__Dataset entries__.
****

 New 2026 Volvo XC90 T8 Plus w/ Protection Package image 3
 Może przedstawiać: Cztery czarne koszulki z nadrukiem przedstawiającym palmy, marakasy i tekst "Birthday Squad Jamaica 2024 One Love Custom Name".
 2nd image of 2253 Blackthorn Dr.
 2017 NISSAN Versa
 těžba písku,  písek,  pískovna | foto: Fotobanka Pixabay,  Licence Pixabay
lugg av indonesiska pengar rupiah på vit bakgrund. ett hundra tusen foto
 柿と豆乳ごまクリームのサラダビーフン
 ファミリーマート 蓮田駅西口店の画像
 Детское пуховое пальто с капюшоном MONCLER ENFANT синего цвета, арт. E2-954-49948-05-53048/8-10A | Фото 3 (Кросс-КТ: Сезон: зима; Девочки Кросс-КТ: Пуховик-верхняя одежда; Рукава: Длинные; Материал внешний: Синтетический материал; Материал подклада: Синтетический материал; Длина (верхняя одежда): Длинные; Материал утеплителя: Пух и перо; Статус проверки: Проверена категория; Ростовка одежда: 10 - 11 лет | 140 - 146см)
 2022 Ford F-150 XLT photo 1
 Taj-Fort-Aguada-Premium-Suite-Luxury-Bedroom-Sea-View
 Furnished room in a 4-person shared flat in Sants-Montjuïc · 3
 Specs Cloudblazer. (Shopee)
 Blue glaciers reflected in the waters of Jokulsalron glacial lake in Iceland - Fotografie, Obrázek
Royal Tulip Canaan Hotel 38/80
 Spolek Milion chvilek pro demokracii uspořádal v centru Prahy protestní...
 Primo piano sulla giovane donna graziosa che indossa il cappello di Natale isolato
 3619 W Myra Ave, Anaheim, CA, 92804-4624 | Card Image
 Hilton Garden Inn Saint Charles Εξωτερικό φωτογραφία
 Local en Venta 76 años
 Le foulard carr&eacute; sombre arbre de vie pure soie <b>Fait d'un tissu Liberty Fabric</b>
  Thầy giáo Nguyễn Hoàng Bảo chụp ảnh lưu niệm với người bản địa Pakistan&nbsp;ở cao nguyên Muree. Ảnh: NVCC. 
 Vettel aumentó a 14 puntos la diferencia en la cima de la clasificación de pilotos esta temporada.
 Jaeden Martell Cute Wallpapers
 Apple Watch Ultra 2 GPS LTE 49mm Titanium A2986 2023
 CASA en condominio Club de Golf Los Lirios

****

__WHAT YOU SHOULD DO__.
Could you restate, word for word, the lines above from the one with "2nd image of 2253 Blackthorn Dr." to the one with "3619 W Myra", both included?

__EXPECTED ANSWER__.
 2nd image of 2253 Blackthorn Dr.
 2017 NISSAN Versa
 těžba písku,  písek,  pískovna | foto: Fotobanka Pixabay,  Licence Pixabay
lugg av indonesiska pengar rupiah på vit bakgrund. ett hundra tusen foto
 柿と豆乳ごまクリームのサラダビーフン
 ファミリーマート 蓮田駅西口店の画像
 Детское пуховое пальто с капюшоном MONCLER ENFANT синего цвета, арт. E2-954-49948-05-53048/8-10A | Фото 3 (Кросс-КТ: Сезон: зима; Девочки Кросс-КТ: Пуховик-верхняя одежда; Рукава: Длинные; Материал внешний: Синтетический материал; Материал подклада: Синтетический материал; Длина (верхняя одежда): Длинные; Материал утеплителя: Пух и перо; Статус проверки: Проверена категория; Ростовка одежда: 10 - 11 лет | 140 - 146см)
 2022 Ford F-150 XLT photo 1
 Taj-Fort-Aguada-Premium-Suite-Luxury-Bedroom-Sea-View
 Furnished room in a 4-person shared flat in Sants-Montjuïc · 3
 Specs Cloudblazer. (Shopee)
 Blue glaciers reflected in the waters of Jokulsalron glacial lake in Iceland - Fotografie, Obrázek
Royal Tulip Canaan Hotel 38/80
 Spolek Milion chvilek pro demokracii uspořádal v centru Prahy protestní...
 Primo piano sulla giovane donna graziosa che indossa il cappello di Natale isolato
 3619 W Myra Ave, Anaheim, CA, 92804-4624 | Card Image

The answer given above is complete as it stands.